By Alma Guillermoprieto for The New York Revier of Books. A couple of decades ago, perhaps, a discussion of the war on drugs declared by Richard Nixon back in 1973 could reasonably have centered on whether eradication of narcotic-producing crops and the violent extermination of drug-trafficking groups was the way to rescue the young and vulnerable from the threat of addiction. It was the existence of addicts, after all, and the desire to avoid creating more of them, that justified the entire notion of drug prohibition. But the startling, unprogrammed, and rebellious discussion about drugs that took place among hemispheric leaders in April at a summit in Cartagena, Colombia, barely mentioned addiction, because it’s too late for that. The discussion that for the first time in forty years challenged the United States’ dominance on drug issues focused urgently instead on the ways that the financial health, political stability, and national security of virtually every country in the Americas has been undermined by the drug trade.
It is not the kind of discussion President Barack Obama might have been expecting only weeks before the summit started. He is enormously popular abroad and particularly so in places like Cartagena, where a large black population claims him as one of their own. And no hemispheric meeting has ever strayed from the official US line on drug combat. But for the first time the leaders at the summit openly debated—although behind closed doors—whether the best way to stop the rolling disaster was an end to the US-sponsored and -dictated war on drugs, and at least partial legalization, or regulation, of the drug trade.

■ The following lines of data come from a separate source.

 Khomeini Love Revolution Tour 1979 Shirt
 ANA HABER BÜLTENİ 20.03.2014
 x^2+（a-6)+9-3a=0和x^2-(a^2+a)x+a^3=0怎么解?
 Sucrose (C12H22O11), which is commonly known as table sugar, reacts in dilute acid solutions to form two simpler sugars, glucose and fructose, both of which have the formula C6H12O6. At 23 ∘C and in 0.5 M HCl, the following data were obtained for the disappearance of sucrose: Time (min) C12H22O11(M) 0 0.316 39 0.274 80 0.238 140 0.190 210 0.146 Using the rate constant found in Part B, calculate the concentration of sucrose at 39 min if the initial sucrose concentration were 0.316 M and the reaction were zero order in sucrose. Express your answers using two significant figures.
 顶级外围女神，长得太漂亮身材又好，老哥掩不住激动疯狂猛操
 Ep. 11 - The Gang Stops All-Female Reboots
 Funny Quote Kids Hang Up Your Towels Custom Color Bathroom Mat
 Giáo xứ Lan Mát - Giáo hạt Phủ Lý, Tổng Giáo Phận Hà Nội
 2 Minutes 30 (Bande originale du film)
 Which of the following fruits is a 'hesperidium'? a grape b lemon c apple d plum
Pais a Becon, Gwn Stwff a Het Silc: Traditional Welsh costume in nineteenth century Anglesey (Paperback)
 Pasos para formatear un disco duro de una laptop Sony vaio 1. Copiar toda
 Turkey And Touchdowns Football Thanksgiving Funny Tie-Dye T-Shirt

The very word “legalization” has been taboo for so long that it was a shock to hear it mentioned as a sensible option by unimpeachable allies of the United States like Juan Manuel Santos, president of the host country; President Otto Pérez Molina of Guatemala; and Laura Chinchilla, president of the normally low-profile and peaceful nation of Costa Rica. Several presidents, notably Peru’s Ollanta Humala, were strongly opposed to any softening of approach, but it was only Obama’s opposition that carried weight. And it was a foregone conclusion that he would not deviate from the standard position that legalization is unthinkable; it is, after all, an election year.
The official response to whatever would get said in Cartagena was made clear in the days before the meeting by Secretary of Homeland Security Janet Napolitano, Vice President Joseph Biden, and lastly by Obama himself. “The United States is not going to legalize or decriminalize drugs,” the president told a consortium of Latin newspapers the day before the summit, “because doing so would have serious negative consequences, in all our countries, in terms of health and public safety. Moreover, legalizing and decriminalizing drugs would not eliminate the danger posed by transnational organized crime.” But the fact that so many senior US officials felt they had to comment on the issue is a sign of how strongly the White House felt the need to get in front of the debate.

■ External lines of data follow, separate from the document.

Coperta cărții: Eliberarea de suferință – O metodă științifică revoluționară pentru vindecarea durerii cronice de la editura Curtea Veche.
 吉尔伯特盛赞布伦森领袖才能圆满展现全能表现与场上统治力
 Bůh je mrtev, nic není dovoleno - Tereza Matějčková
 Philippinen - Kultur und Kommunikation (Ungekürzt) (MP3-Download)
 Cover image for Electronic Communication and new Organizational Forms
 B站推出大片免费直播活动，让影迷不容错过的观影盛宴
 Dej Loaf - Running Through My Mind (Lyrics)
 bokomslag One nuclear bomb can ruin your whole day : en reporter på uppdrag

To a great many Latin America observers legalization does not sound like an outrageous solution at all, given what is happening on the ground. Fifty thousand people have been killed since the Mexican government launched an all-out antidrug offensive five years ago. Whole areas along the US border and southward are no longer under government control. Prisons, now full to bursting, have become operational centers for imprisoned drug chieftains throughout Latin America.
Where once there were two or three trafficking groups, there are now dozens of full-blown mafias. Where a handful of countries were involved in the trade, mainly the Andean countries and Mexico, today there is hardly a country in the hemisphere that remains untouched by the blight. Under financial pressure from the drug offensive, traffickers have diversified and gone transnational, smuggling everything from CDs and DVDs to weapons, women, and children for the prostitution trade through Central America and the Caribbean. International banks have been systemically corrupted. Contact between hugely rich traffickers and international terrorists is now something that US government officials take for granted. It’s a sorry record.
“We are faced with a way of [dealing with] drug traffic that not only won’t work, it never worked,” César Gaviria, a former president of Colombia, said in a phone conversation before the Cartagena summit. Spry and irreverent, Gaviria speaks in the high-pitched voice of many hyperactive people. He was president during the drug war’s harshest years—1990–1994—and subsequently spent ten years as secretary-general of the Organization of American States (OAS). He is now back in Colombia, observing developments in drug policy with what can only be called disgust, and he is too impatient to bother with diplomatese. “Fifty years have gone by since the United Nations Convention [on Narcotic Drugs, signed in 1961] and forty since Richard Nixon declared war on drugs, and the policy is a crashing failure [fracaso].”
President during the years when the powerful drug trafficker Pablo Escobar mounted a war against the state, Gaviria had an opportunity to observe at brutally close range the futility of the drug war, and its costs. Three years ago he joined former presidents Ernesto Zedillo of Mexico and Fernando Henrique Cardoso of Brazil on a commission that has set out to study the failures of the war on drugs, and to search for alternative ways to fight the drug mafias, reduce consumption, and mitigate the harm done to countries that produce the raw material for drugs (coca leaf, poppy, marijuana). The three presidents first proclaimed their ideas about the need for some form of legalization in 2009. Since then, they have been joined by former secretary-general of the United Nations Kofi Annan and former chair of the Federal Reserve Paul Volcker, among dozens of other public figures. The group’s advocacy of a different approach to drug issues opened the way for the rebellion at the Cartagena summit, spearheaded by Otto Pérez Molina of Guatemala.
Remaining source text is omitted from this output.